All of the grade levels wanted the same basic five ins – reading skills, study skills, discipline, writing skills, good work habits. There five outs had to do with the curriculum but their five ins were entirely about soft skills.
“Wow. Look at that,” we pointed out the discrepancy.
A few teachers became immediately defensive. “Our kids don’t come to us with the background knowledge and study skill they need to be successful,” they explained.
“Where were they supposed to learn how to study?” we asked. The high school teachers pointed to the middle school teachers. The middle school teachers blamed the elementary teachers.
“If no one owns the teaching of these soft skills, it’s no wonder your students don’t have them,” we mused.

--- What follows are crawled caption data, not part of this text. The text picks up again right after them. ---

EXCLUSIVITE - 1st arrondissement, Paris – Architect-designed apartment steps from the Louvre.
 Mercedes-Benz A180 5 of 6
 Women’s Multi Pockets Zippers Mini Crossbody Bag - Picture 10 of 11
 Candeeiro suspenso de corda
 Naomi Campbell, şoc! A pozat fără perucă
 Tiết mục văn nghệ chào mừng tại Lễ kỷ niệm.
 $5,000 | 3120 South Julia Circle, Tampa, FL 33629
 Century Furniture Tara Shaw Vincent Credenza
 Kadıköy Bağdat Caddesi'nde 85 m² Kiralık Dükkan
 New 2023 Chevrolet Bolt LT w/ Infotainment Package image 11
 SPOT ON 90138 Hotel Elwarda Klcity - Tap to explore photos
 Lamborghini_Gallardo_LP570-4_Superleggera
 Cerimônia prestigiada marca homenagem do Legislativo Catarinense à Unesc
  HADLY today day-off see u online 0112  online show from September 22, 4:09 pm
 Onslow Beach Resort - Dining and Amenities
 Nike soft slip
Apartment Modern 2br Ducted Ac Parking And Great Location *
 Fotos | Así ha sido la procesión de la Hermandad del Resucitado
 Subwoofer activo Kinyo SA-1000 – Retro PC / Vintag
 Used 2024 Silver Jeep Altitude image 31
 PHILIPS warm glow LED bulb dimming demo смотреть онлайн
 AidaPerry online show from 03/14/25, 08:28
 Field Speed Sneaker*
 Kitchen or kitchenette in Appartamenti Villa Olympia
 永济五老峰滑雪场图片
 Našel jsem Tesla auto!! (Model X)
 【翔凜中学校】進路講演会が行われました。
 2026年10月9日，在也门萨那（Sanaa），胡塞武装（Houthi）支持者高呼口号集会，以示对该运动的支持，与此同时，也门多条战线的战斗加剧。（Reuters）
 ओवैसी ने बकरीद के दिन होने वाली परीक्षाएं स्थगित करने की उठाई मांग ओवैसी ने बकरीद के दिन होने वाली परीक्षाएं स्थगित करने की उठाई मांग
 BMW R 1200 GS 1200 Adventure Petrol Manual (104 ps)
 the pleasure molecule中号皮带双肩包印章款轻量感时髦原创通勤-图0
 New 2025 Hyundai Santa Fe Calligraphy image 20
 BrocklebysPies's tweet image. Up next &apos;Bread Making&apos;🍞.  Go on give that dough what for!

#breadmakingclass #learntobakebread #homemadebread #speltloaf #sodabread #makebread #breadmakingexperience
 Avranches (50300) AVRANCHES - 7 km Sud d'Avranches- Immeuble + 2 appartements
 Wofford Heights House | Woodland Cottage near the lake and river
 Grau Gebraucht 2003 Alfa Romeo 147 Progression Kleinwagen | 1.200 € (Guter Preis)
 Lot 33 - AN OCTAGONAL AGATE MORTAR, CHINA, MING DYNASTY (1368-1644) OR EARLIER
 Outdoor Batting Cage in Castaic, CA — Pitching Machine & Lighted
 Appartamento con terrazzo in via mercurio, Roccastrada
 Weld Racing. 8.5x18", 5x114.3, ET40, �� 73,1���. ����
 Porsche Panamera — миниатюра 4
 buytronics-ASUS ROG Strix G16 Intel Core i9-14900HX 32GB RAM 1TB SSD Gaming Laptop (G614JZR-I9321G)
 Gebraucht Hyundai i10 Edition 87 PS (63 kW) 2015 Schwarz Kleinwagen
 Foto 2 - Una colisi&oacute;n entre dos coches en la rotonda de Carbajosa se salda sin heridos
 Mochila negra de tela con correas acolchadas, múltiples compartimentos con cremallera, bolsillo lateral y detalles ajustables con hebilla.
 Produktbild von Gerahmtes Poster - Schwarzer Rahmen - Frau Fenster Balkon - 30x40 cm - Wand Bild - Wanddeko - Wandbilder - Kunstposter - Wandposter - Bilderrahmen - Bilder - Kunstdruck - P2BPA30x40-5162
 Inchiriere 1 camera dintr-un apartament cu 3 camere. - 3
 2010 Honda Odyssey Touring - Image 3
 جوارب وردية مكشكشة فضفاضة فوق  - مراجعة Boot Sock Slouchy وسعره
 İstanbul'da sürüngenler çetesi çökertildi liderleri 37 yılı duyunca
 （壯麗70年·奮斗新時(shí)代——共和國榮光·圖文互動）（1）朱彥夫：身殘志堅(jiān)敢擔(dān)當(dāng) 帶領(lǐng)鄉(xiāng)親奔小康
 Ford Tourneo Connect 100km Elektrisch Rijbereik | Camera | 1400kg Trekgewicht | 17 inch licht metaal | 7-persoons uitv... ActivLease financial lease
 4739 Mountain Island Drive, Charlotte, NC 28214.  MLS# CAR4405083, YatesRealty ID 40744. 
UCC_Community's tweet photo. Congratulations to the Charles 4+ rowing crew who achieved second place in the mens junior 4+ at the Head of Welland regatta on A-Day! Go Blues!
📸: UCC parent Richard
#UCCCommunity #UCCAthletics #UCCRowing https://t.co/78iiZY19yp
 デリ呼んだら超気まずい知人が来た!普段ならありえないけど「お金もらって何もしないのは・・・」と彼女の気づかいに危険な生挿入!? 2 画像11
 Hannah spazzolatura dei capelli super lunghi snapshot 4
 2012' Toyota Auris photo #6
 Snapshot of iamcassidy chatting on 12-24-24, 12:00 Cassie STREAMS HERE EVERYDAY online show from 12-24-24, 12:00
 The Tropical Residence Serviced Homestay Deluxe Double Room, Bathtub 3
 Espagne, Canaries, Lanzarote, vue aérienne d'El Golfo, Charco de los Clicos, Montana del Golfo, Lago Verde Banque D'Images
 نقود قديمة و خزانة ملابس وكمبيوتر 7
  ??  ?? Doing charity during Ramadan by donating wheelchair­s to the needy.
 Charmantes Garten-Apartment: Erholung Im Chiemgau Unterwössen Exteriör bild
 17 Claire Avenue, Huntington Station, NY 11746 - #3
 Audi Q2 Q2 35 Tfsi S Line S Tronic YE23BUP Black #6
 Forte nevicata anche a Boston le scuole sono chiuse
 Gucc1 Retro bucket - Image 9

From there, we lead teachers into a really interesting discussion about why students weren’t coming in with the soft skills they needed and how they could help them acquire them. We quickly realized that while the workshop was supposed to help teams better vertically align the curriculum, we wouldn’t get anywhere unless we first dealt with soft skills.
So we did. We shifted gears and started with identifying the key soft skills students would need to be successful. We looked at both non-cognitive skills (such study skills, social skills, and the ability to set long-term goals), thinking skills (such as comparison contrast and error analysis), and thinking processes (such as decision making and problem solving). First, we made sure that everyone understood what these skills really entailed, then we asked vertical teams to work together to determine when they would help students acquire each of these skills. Would students learn study skills in seventh grade or was that too late? Perhaps students should learn error analysis in grade nine to prepare them for the problem solving tasks they would have to complete in grade 10. We even went a little further, pushing teams to identify when students would be introduced to the skill, when they would reinforce the skills, and finally, when they would extend the skill. At the end of the day, all the teams walked away with a list of over 25 soft skills and a plan for when they would introduce, reinforce, and extend those skills over time.
Too often, we spend time in vertical team meetings trying so hard to get the curriculum perfectly aligned that we miss the critical soft skills that help students access the curriculum in the first place. Instead, take time to look at the soft skills so many students are missing and look at ways to help students acquire these. Doing so will help your students reach curricular goals much easier.